*** Data to examine Section Begins ***

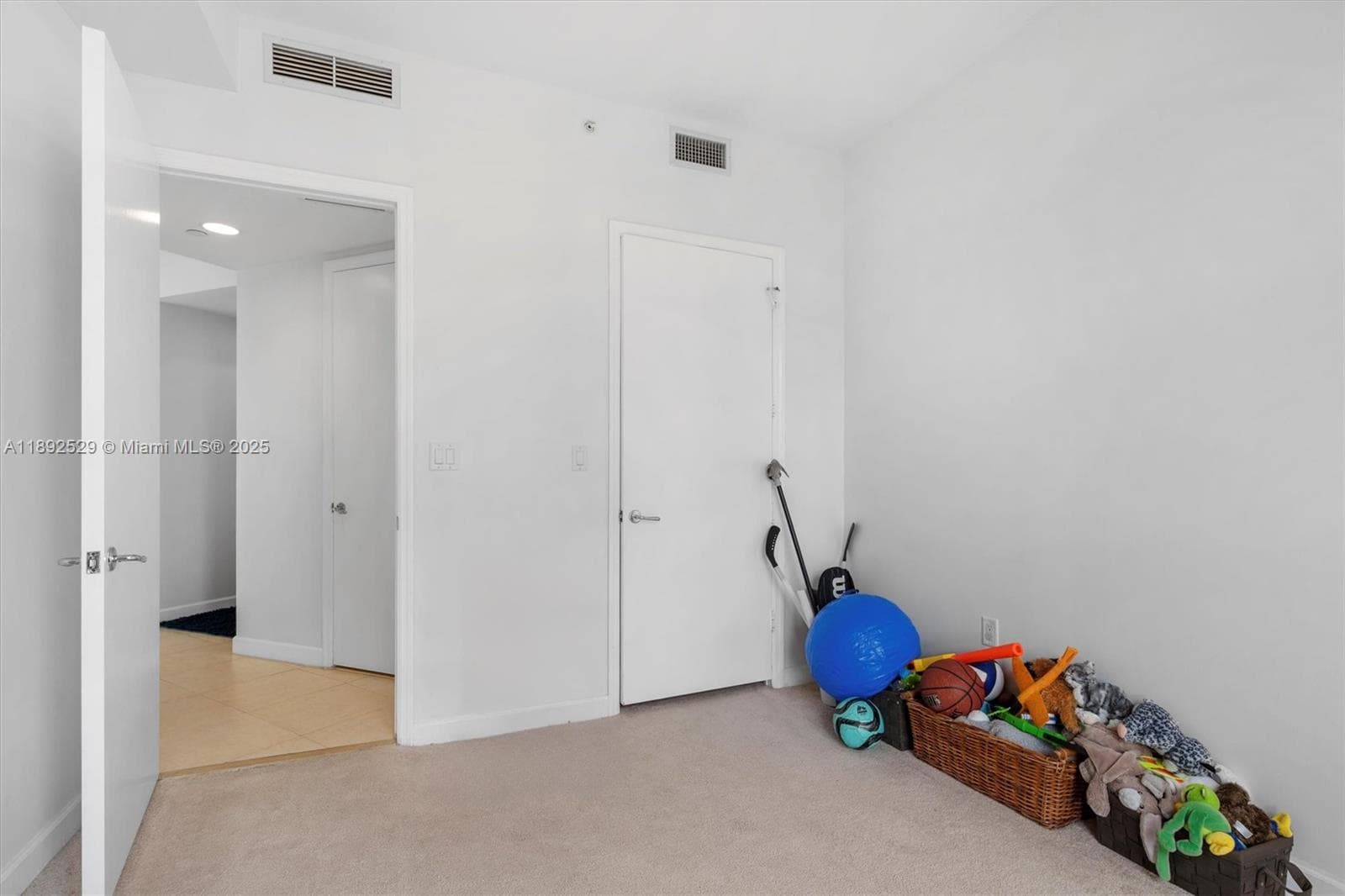 20000 E Country Club Dr, Aventura FL 33180 — 37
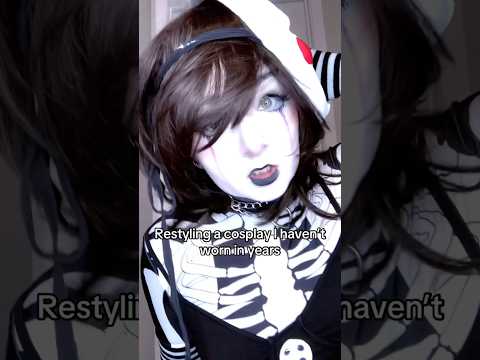 I also upload ASMR #fnaf #emo #cosplay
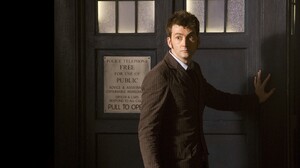 David Tennant Doctor Who Tenth Doctor TARDiS 2000x1333 Wallpaper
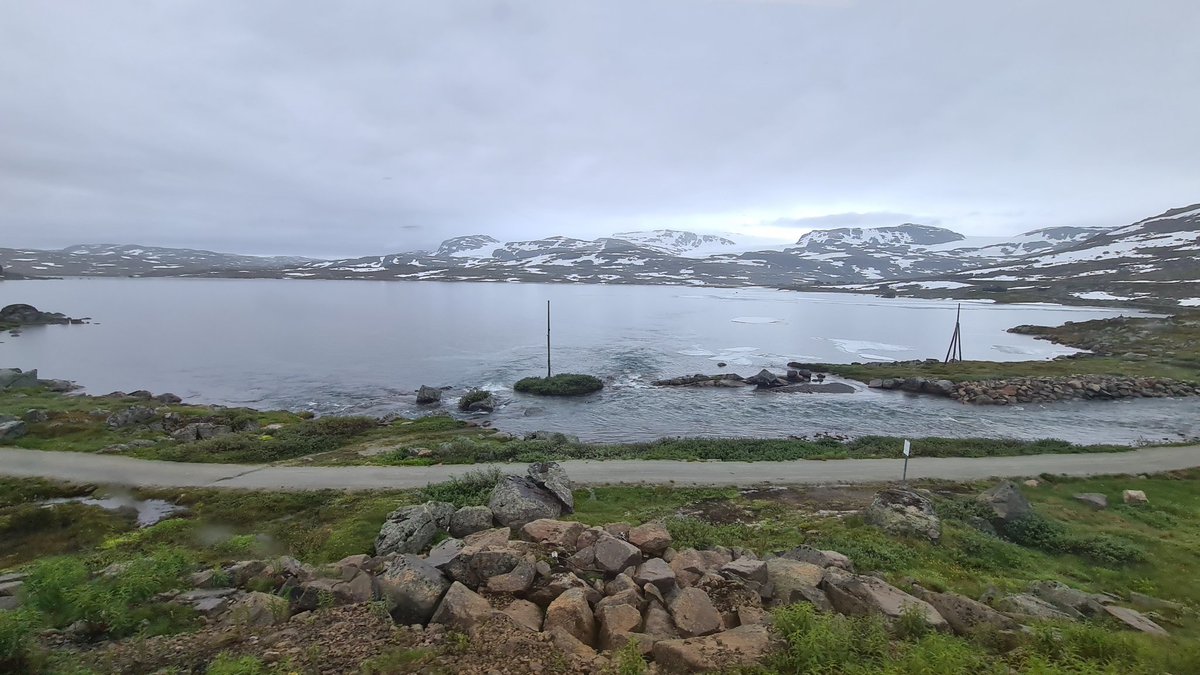 Andrew007Uk's tweet photo. Good morning #Finse which at 1,222M is the highest point on the Bergen - Oslo line.

Such a pleasure to travel on a railway service with huge &amp; clean picture windows.

Thank you @vygruppen 🙏🏻- know you'd control the weather too if you could! 🤣

#RailwayJourney https://t.co/xjnwCe4N67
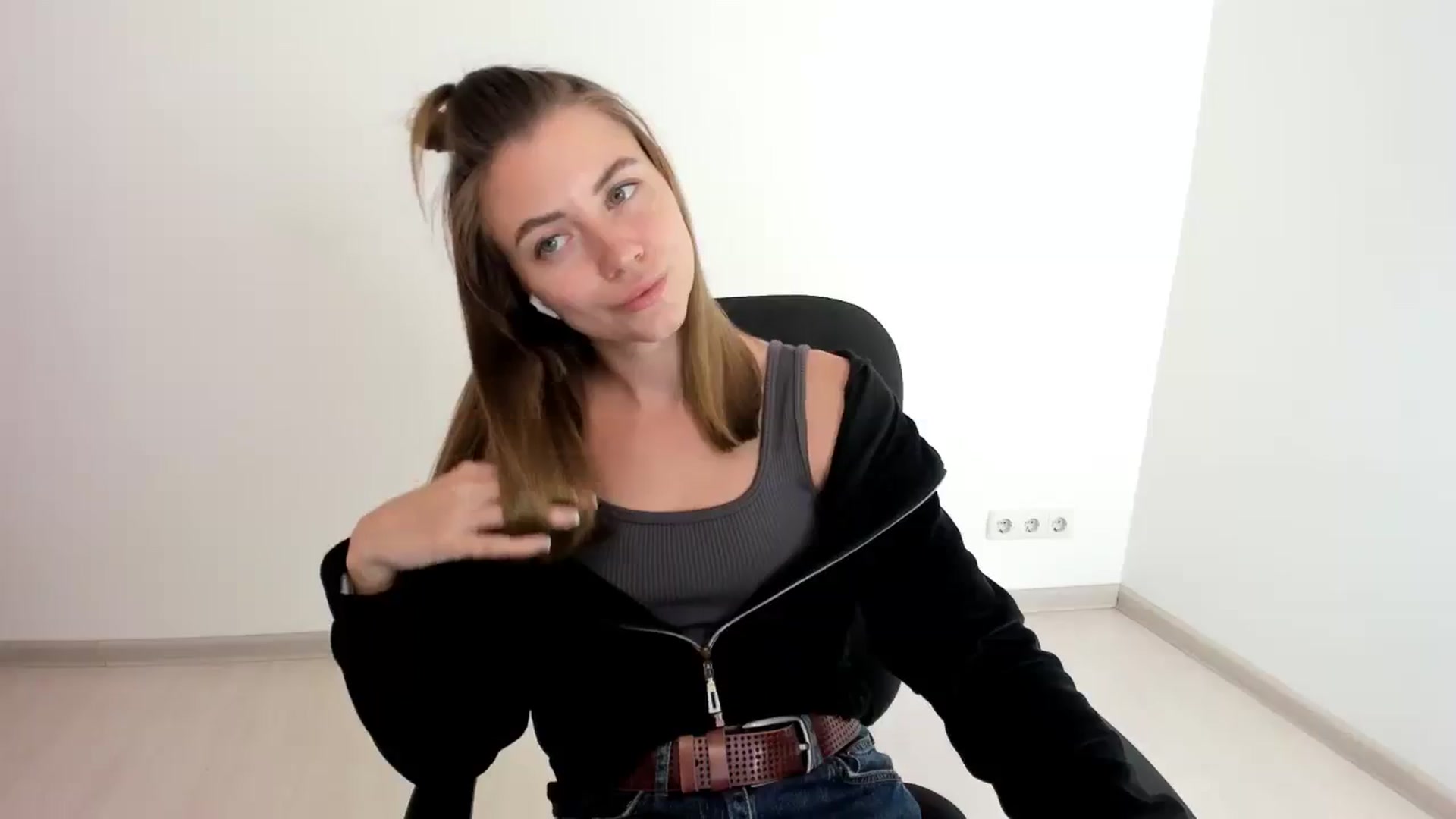 Gallery image thumbnail from Sulfate0's myfreecams stream on, 10/06/2024, 11:05 image 4 of 20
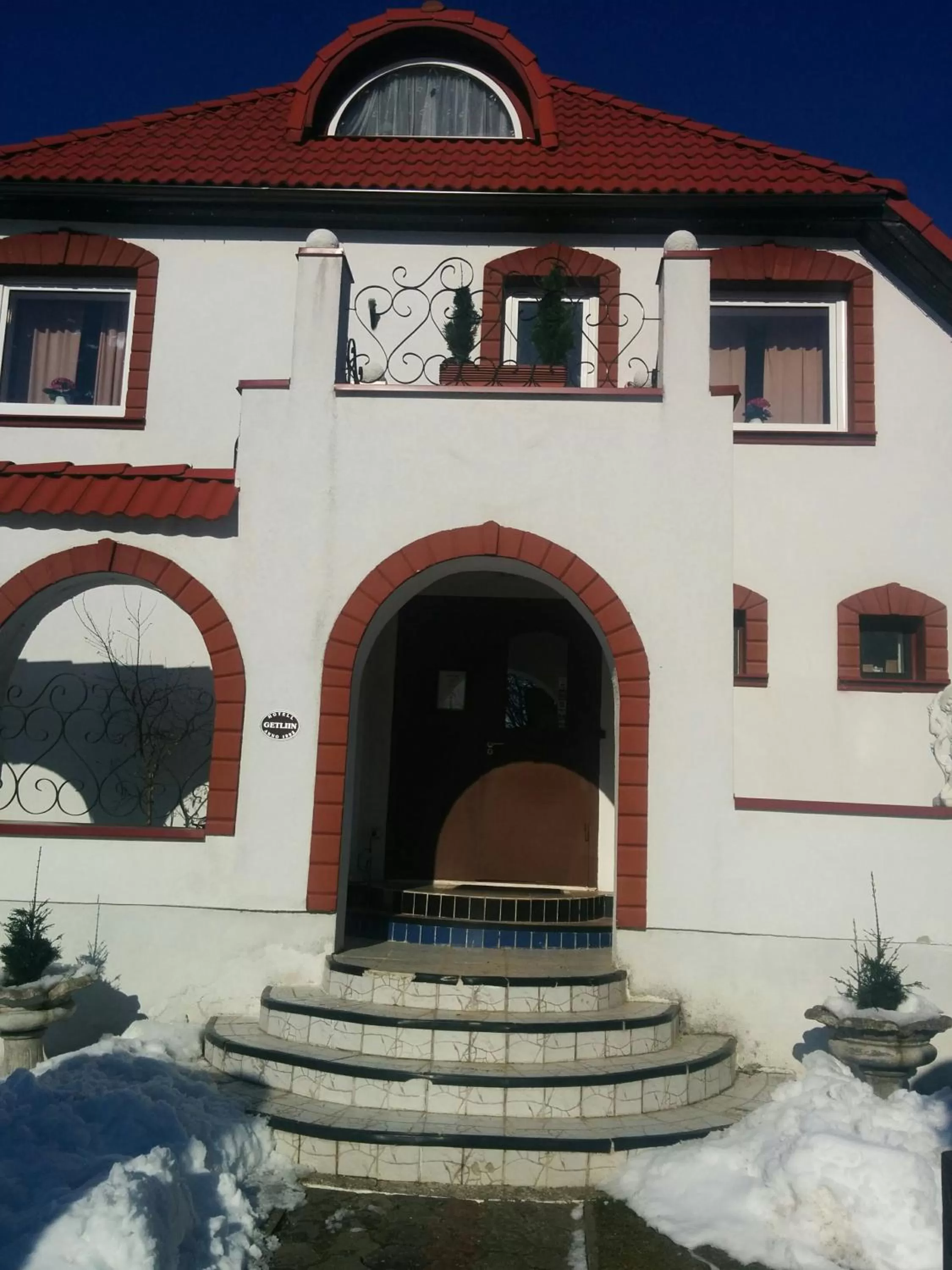 Facade/entrance, Property Building in Hotel Getliin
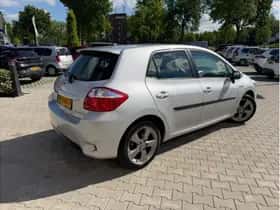 Toyota Auris (2012) thumbnail 4
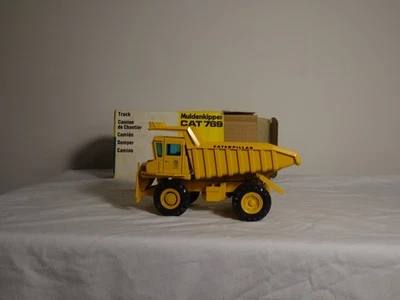 Camión volquete Gescha #276 Caterpillar CAT 769 B - escala 1:50 Foto 1 de 4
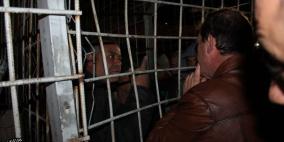 محافظ طولكرم  يتفقد معبر الطيبة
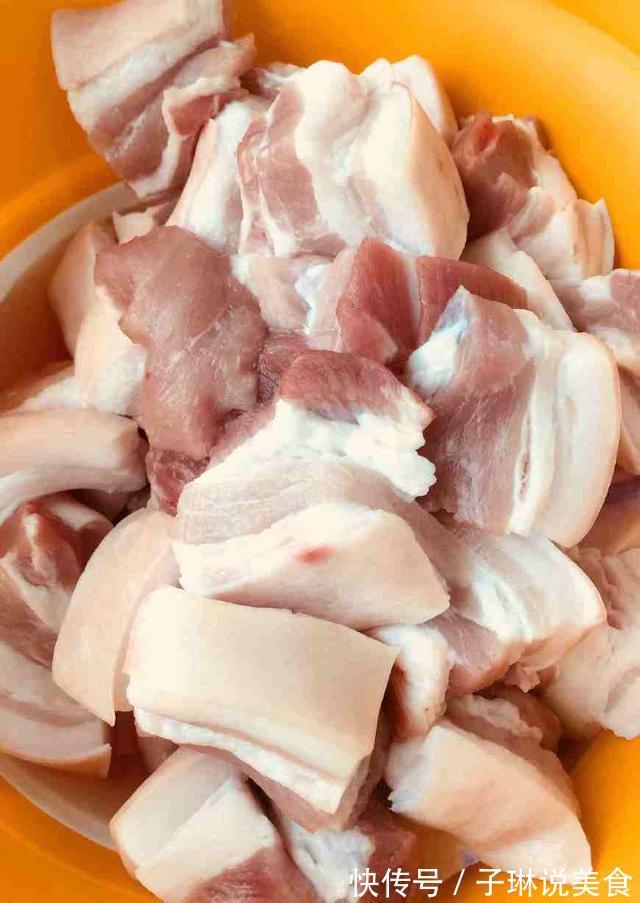 猪肉炖不好，因为你只注意焯水，想要猪肉软烂香嫩，秘诀在这里！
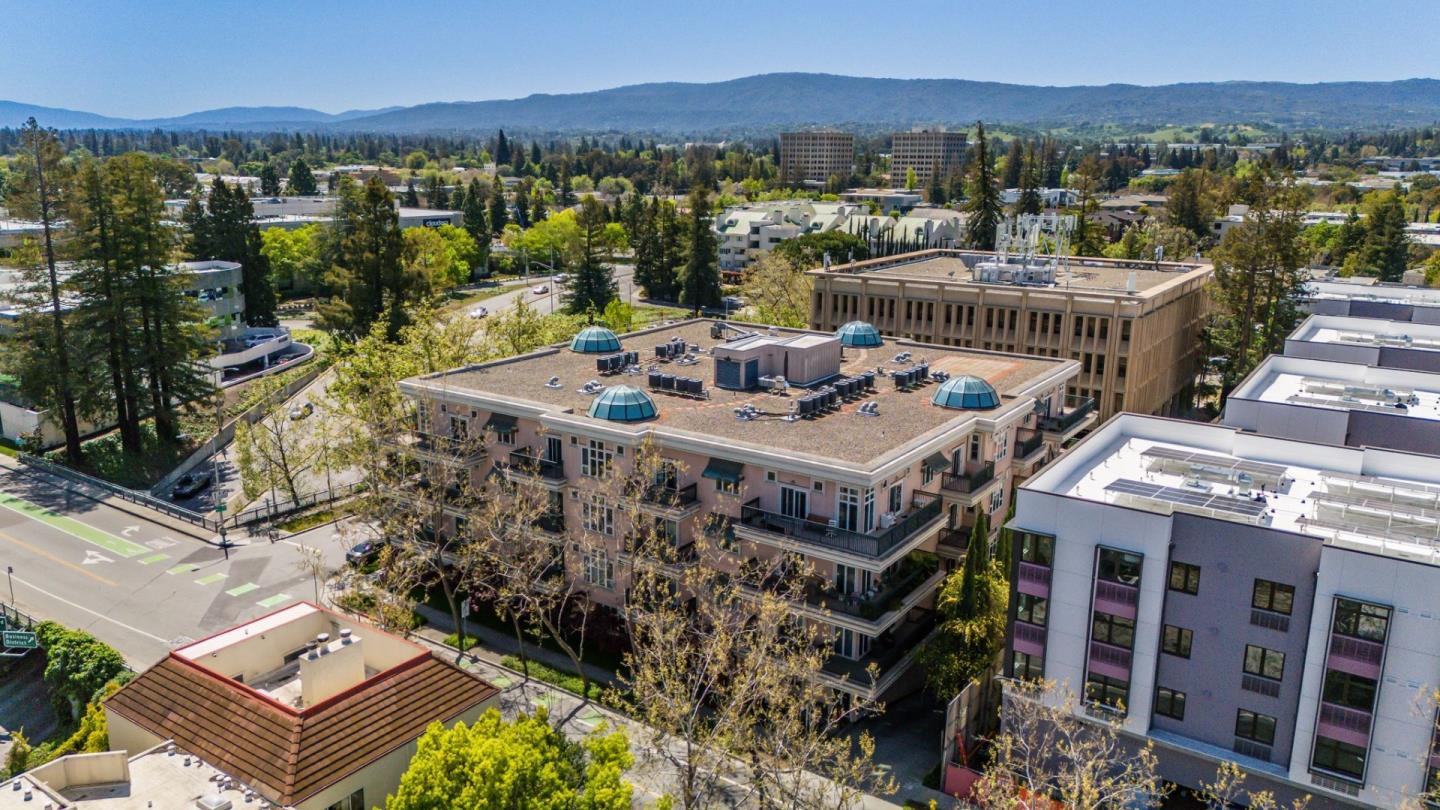 200 Sheridan Avenue 305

*** Data to examine Section Ends ***

What to work on:
Return the entries verbatim, pictures excluded.

Task response:
 20000 E Country Club Dr, Aventura FL 33180 — 37
 I also upload ASMR #fnaf #emo #cosplay
 David Tennant Doctor Who Tenth Doctor TARDiS 2000x1333 Wallpaper
 Andrew007Uk's tweet photo. Good morning #Finse which at 1,222M is the highest point on the Bergen - Oslo line.

Such a pleasure to travel on a railway service with huge &amp; clean picture windows.

Thank you @vygruppen 🙏🏻- know you'd control the weather too if you could! 🤣

#RailwayJourney https://t.co/xjnwCe4N67
 Gallery image thumbnail from Sulfate0's myfreecams stream on, 10/06/2024, 11:05 image 4 of 20
 Facade/entrance, Property Building in Hotel Getliin
 Toyota Auris (2012) thumbnail 4
 Camión volquete Gescha #276 Caterpillar CAT 769 B - escala 1:50 Foto 1 de 4
 محافظ طولكرم  يتفقد معبر الطيبة
 猪肉炖不好，因为你只注意焯水，想要猪肉软烂香嫩，秘诀在这里！
 200 Sheridan Avenue 305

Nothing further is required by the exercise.